Task requirements:
Beginning with the line that contains "Arias [Audio CD]", repeat each line exactly through the end of the listing below. Pictures stay out.

*** Block opens ***

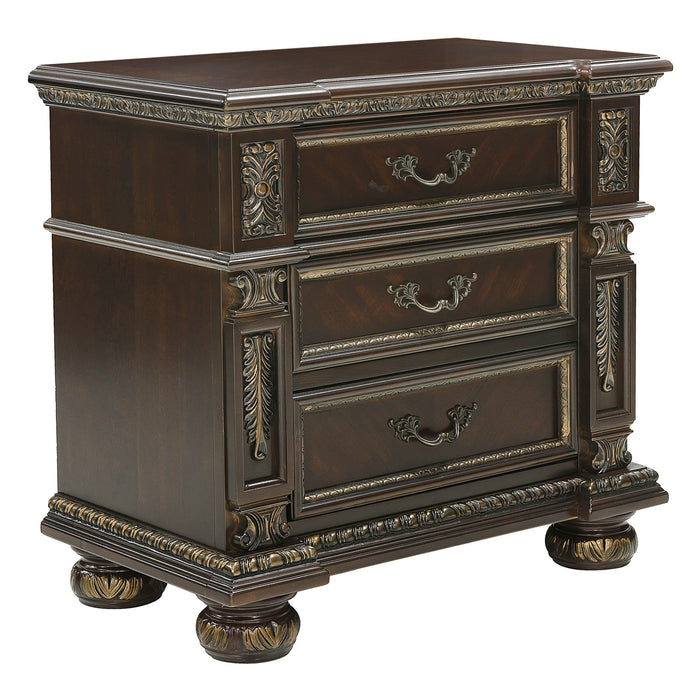 Catalonia Nightstand in Cherry - 1824-4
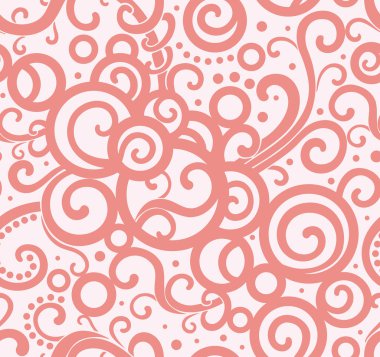 pembe girdap deseni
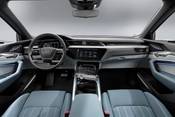 2020 Audi e-tron Sportback Edition One 55 quattro 4dr SUV Dashboard Shown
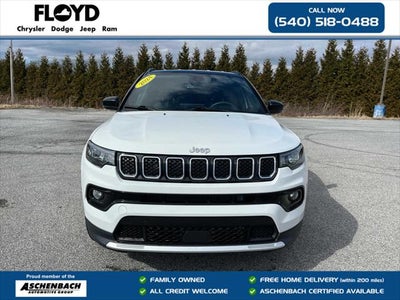 2024 Jeep Compass Limited 4x4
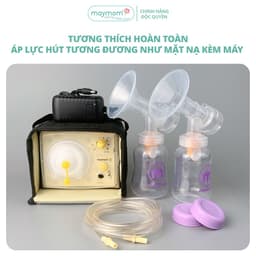 Thumbnail Mặt nạ Máy Hút Sữa Maymom tương thích Máy Medela Pump 4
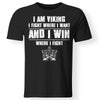 Viking, Norse, Gym t-shirt & apparel, I am Viking, FrontApparel[Heathen By Nature authentic Viking products]Gildan Premium Men T-ShirtBlack5XL
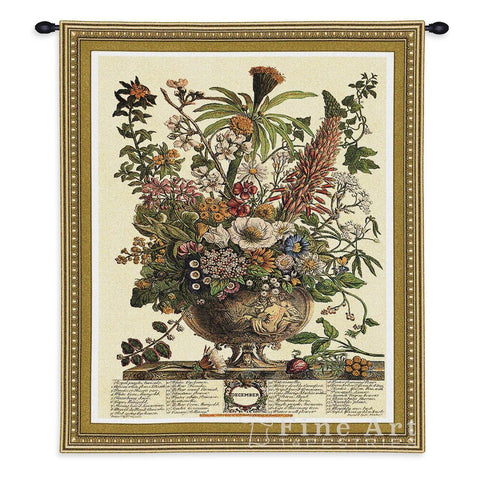 Dec Botanical Wall Tapestry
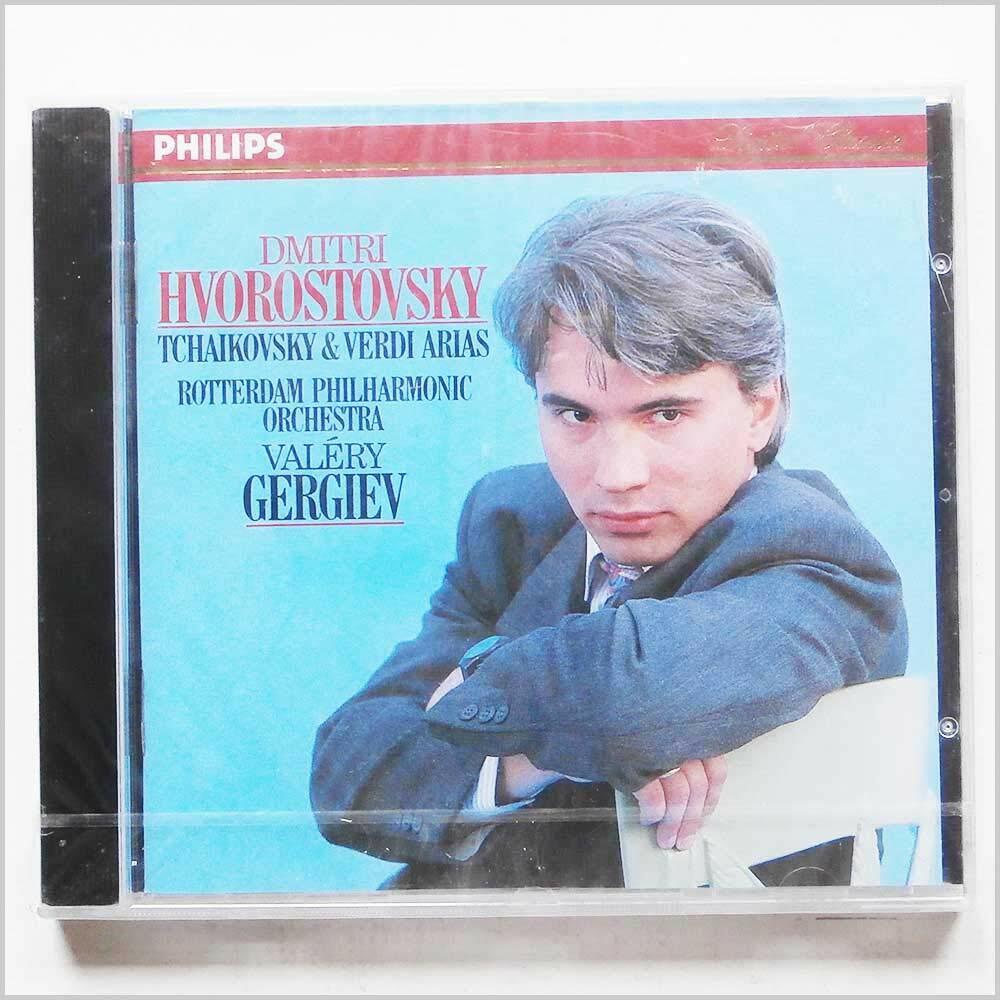 Arias [Audio CD] Verdi and Tchaikovsky - Very Good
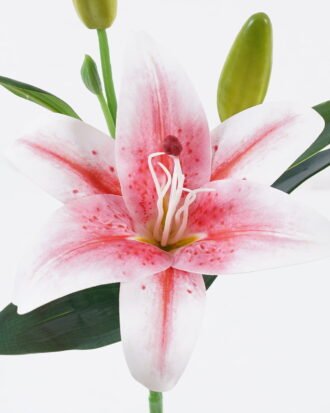 Artificial Flower 15*15*37cm Lily single stem GS-64925027 2026Jan YeahFlower is one of Chinese leading OEM manufacturers and exporters , supplying the silk flowers, wholesale artificial trees
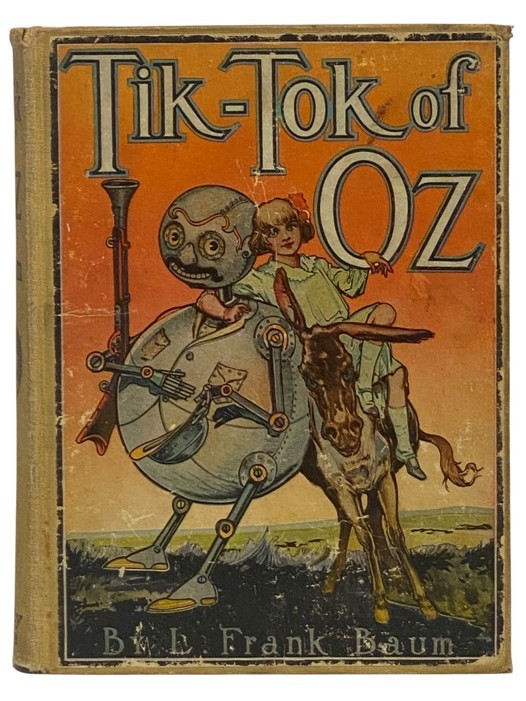 Tik-Tok of Oz (The Oz Series Book 8)
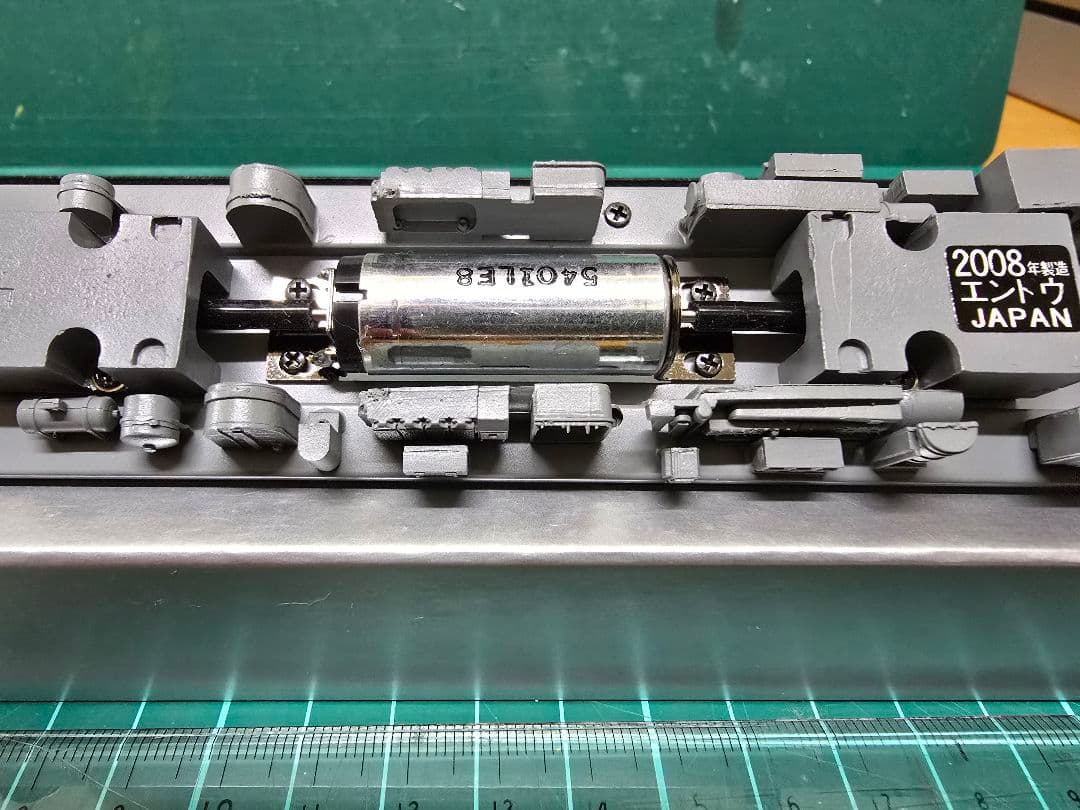 HOゲージ 鉄道模型 電動車ユニットMPギア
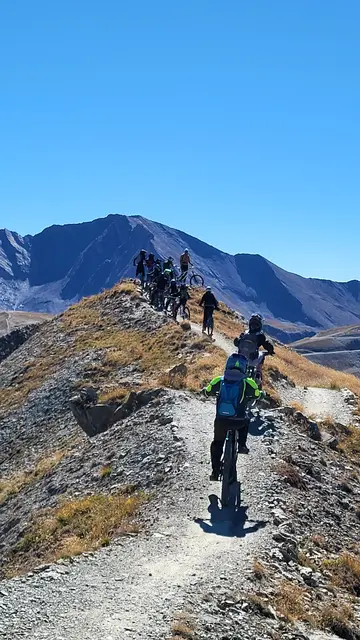 Die Trails waren ideal auf die jungen Biker abgestimmt. | Foto: Zangerl Karl-Heinz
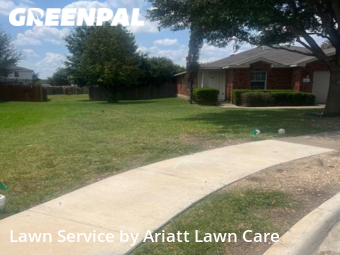 Grass Cut nearby Hutto, TX, 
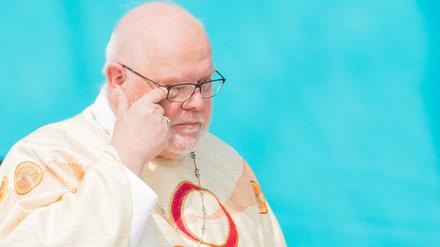 "Die Rechte von Opfern wurden mit Füßen getreten", sagt Kardinal Reinhard Marx. 
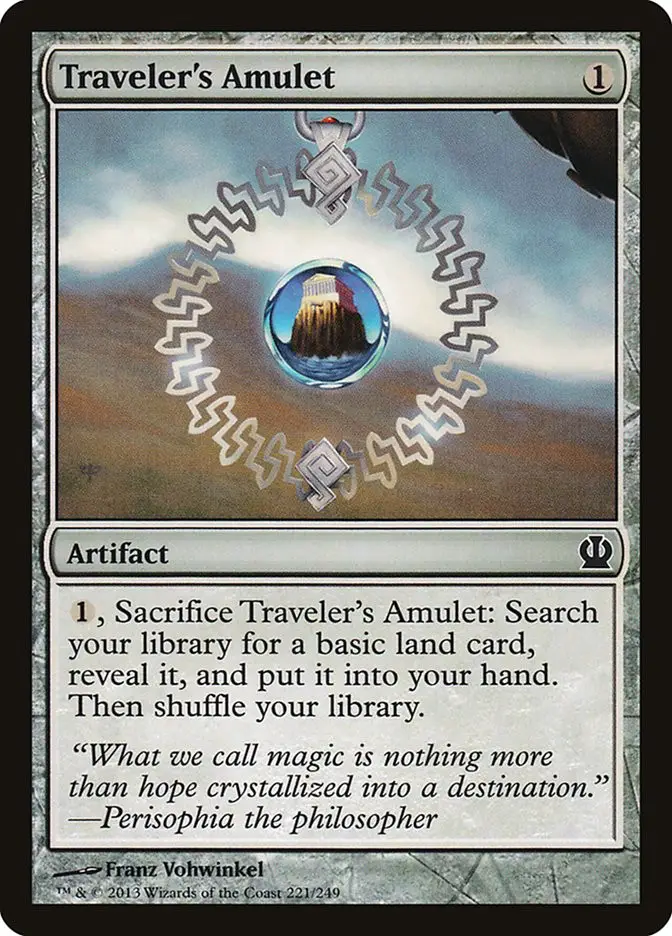 Traveler s Amulet (Theros)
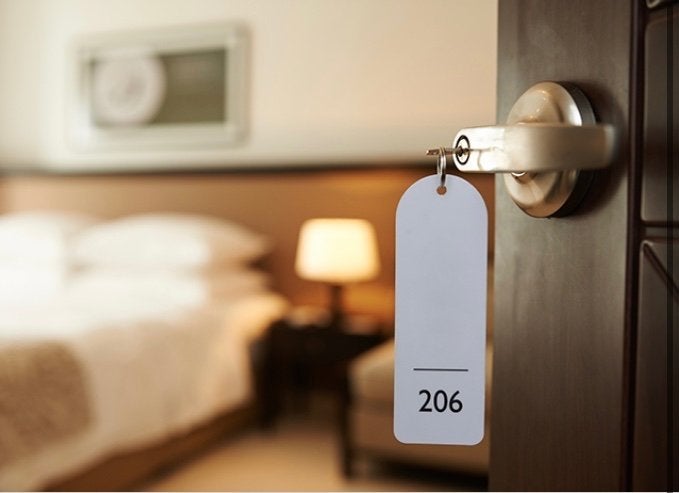 Goedkope hotel overnachting, Twee personen, 1 overnachting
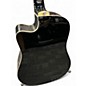 Used Ibanez V70CE Black Acoustic Electric Guitar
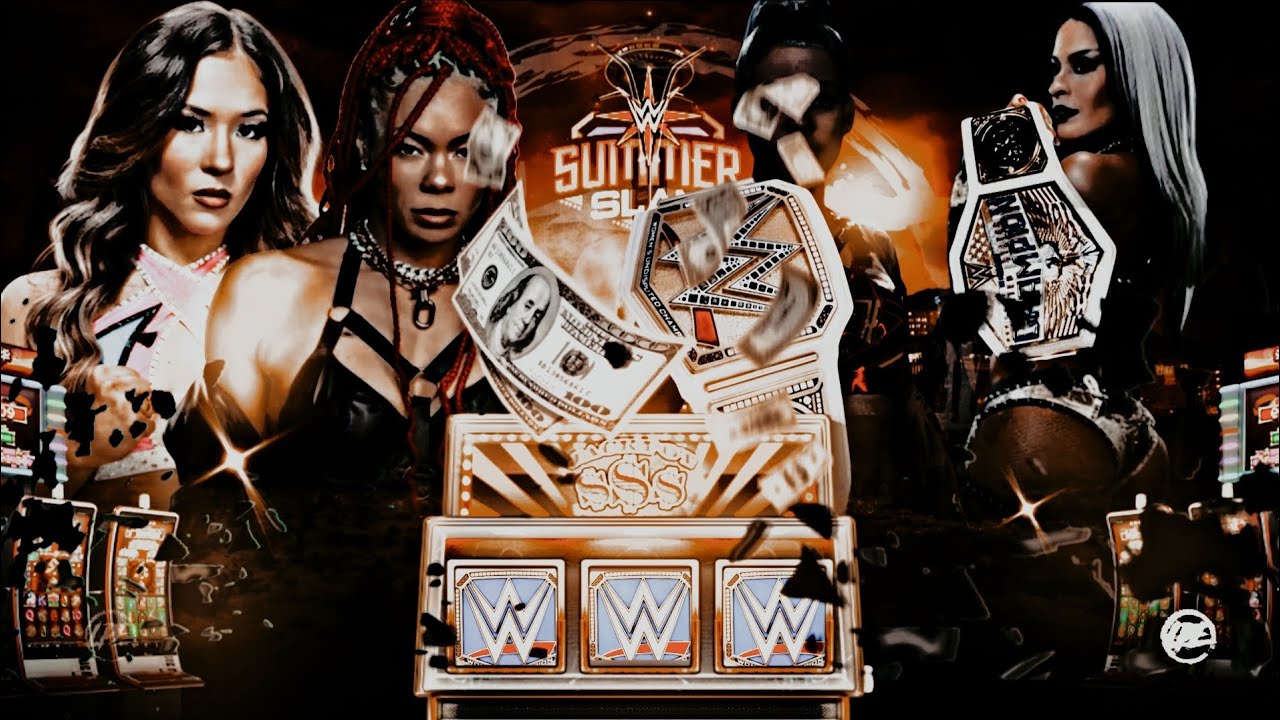 WWE 2K25: The Unpredictable Woman's Universe Mode Part 26A!!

*** Block closes ***

Response to the exercise:
 Arias [Audio CD] Verdi and Tchaikovsky - Very Good
 Artificial Flower 15*15*37cm Lily single stem GS-64925027 2026Jan YeahFlower is one of Chinese leading OEM manufacturers and exporters , supplying the silk flowers, wholesale artificial trees
 Tik-Tok of Oz (The Oz Series Book 8)
 HOゲージ 鉄道模型 電動車ユニットMPギア
 Die Trails waren ideal auf die jungen Biker abgestimmt. | Foto: Zangerl Karl-Heinz
 Grass Cut nearby Hutto, TX, 
 "Die Rechte von Opfern wurden mit Füßen getreten", sagt Kardinal Reinhard Marx. 
 Traveler s Amulet (Theros)
 Goedkope hotel overnachting, Twee personen, 1 overnachting
 Used Ibanez V70CE Black Acoustic Electric Guitar
 WWE 2K25: The Unpredictable Woman's Universe Mode Part 26A!!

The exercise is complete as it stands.